This project is following our research paper: ״WEC: Deriving a Large-scale Cross-document Event Coreference dataset from Wikipedia״
A video tutorial of our research is also available here.
Here can be found both The WEC-Eng cross document dataset from English Wikipedia and the method for creating WEC for other languages.
Note: In our original WEC paper, we used several methods that were all aggregated into one project here. To that end, we replaced some of the original python implementations with corollating Java ones (for examle: SpaCy implementation replaced with StanfordNLP).
WEC-Eng is part of huggingface_hub and available at this location: https://huggingface.co/datasets/biu-nlp/WEC-Eng
See the Dataset card, for instructions on how to read and use WEC-Eng
Below are the instructions of how-to generate a new version of WEC, whether required from a more recent English Wikipdia dump, or in order to extract it from one of the other supported languages (e.g., French, Spanish, German, Chinese).
- A Wikipedia ElasticSearch Index created by wikipedia-to-elastic project (index must contain at least the Infobox "relationTypes").
- Java 11
This code repo contains two main processes:
- Code to generate the initial crude version of WEC-Lang
- Code to generate the final Json of WEC-Lang
Configuration file - resources/application.properties
spring.datasource.url=jdbc:h2:file:/demo => h2 database file url
poolSize=8 => Number of thread to run
elasticHost=localhost => Elastic engine host
elasticPort=9200 => (Elastic engine port)
elasticWikiIndex=enwiki_v3 => (Elastic index to read from (as generated by *wikipedia-to-elastic*)
infoboxConfiguration=/infobox_config/en_infobox_config.json => Explained below
multiRequestInterval=100 (recommended value) => Control the number of search pages to retrive from elastic
elasticSearchInterval=100 (recommended value) => Control the number of pages to read by the elasitc scroller
totalAmountToExtract=-1 => if < 0 then read all wikipedia pages, otherwise will read upto the amount specified
main.lexicalThresh=4 => lexical diversity threshold
main.outputDir=output => the output folder where WEC json should be created and saved
main.outputFile=GenWEC.json => WEC json file name, will contain the final version of the generated dataset
We have extracted the relevant infobox configuration for the English Wikipedia.

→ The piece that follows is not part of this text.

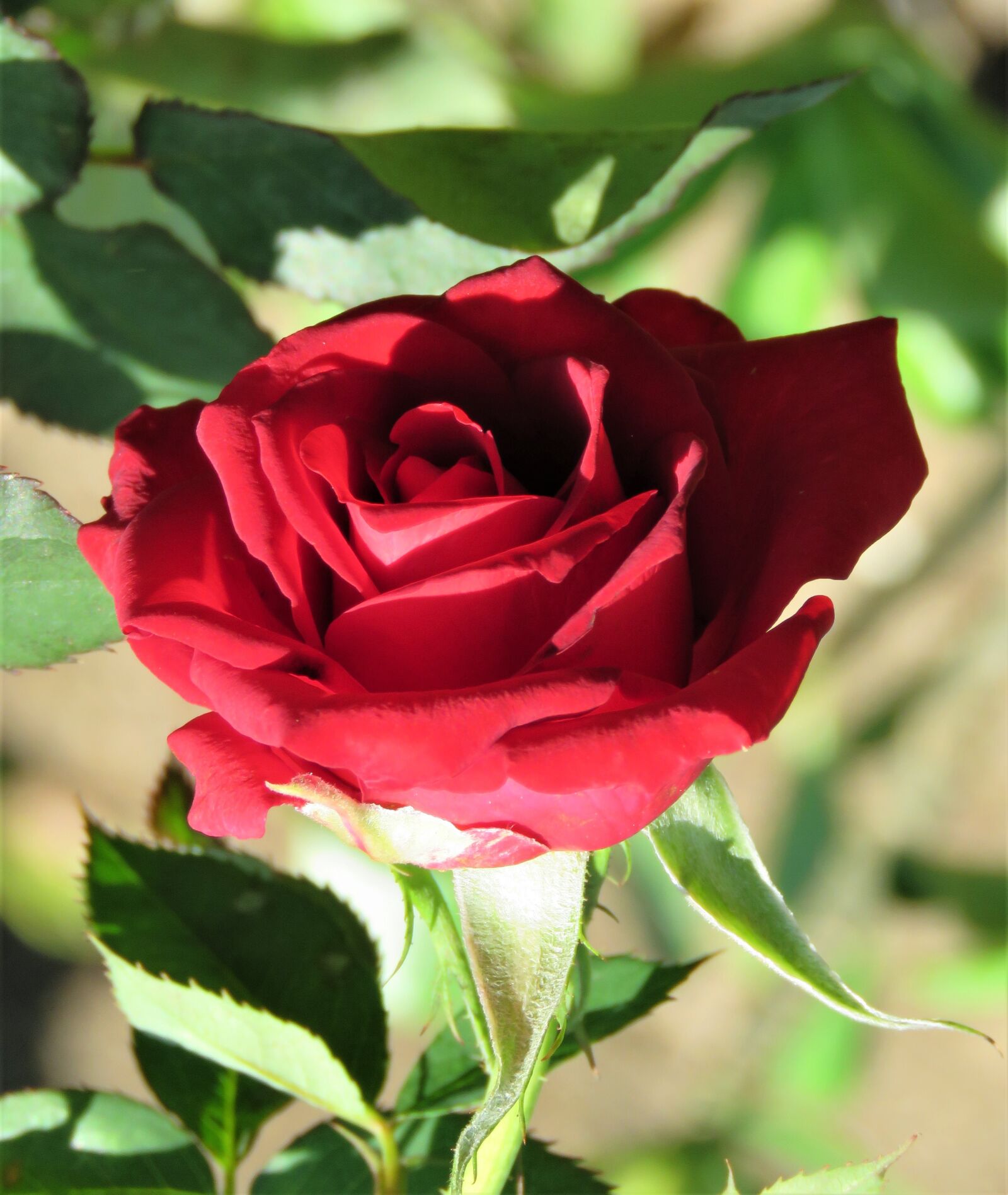 Canon PowerShot SX60 HS sample photo. Rose, red, flower photography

In order to create a newer version of WEC-Eng, use/update the default infobox_config/en_infobox_config.json
in configuration.
To generate WEC in one of the supported languages (other than English) follow those steps:
- Export Wikipedia in the required language using wikipedia-to-elastic project
- Explore for infoboxs categories, the script below can help by producing candidate as well as the amount of pages related to an infobox category.
- Run the infobox categories report:
./gradlew bootRun --args=infobox
- Now, you can create a new infobox configuration (for the new language) file in
src/main/resources/infobox_config/<lang>_infobox_config.json
File should contain all needed infobox language specific configurations (based on the generated infobox categories report). - Finally, set it as the
infoboxConfiguration
file inapplication.properties
{
"infoboxLangText" : "Infobox", // wikipedia markdown element name in the language (e.g., <Infobox sport>)
"infoboxConfigs": [
{
"corefType": "ACCIDENT_EVENT", // Type you would like to give the infobox category
"include": true, // Should be included when extracting WEC
"infoboxs": [ // list of infobox categories that should be included in this type (lowercased and concat)
"airlinerincident",
"airlineraccident",
"aircraftcrash",
"aircraftaccident",
"aircraftincident",
"aircraftoccurrence",
"railaccident",
"busaccident",
"publictransitaccident"
]
}
]
}
Make sure the Wikipedia Elastic engine is running
- Running WikiToWECMain in order to generate the H2 database:
#>./gradlew bootRun --args=wecdb
Program output - an H2 dataset containing the crude extraction of coreference relations from Wikipedia (this resource can be used for experiments before generating the final version of WEC-Lang) - Generate the WEC-Lang Json format file:
#>./gradlew bootRun --args=wecjson
Program output - A JSON format resource of the WEC-Lang dataset
In order to produce more statistics and/or create a visualized output of the generated dataset, refer to those scripts for more information.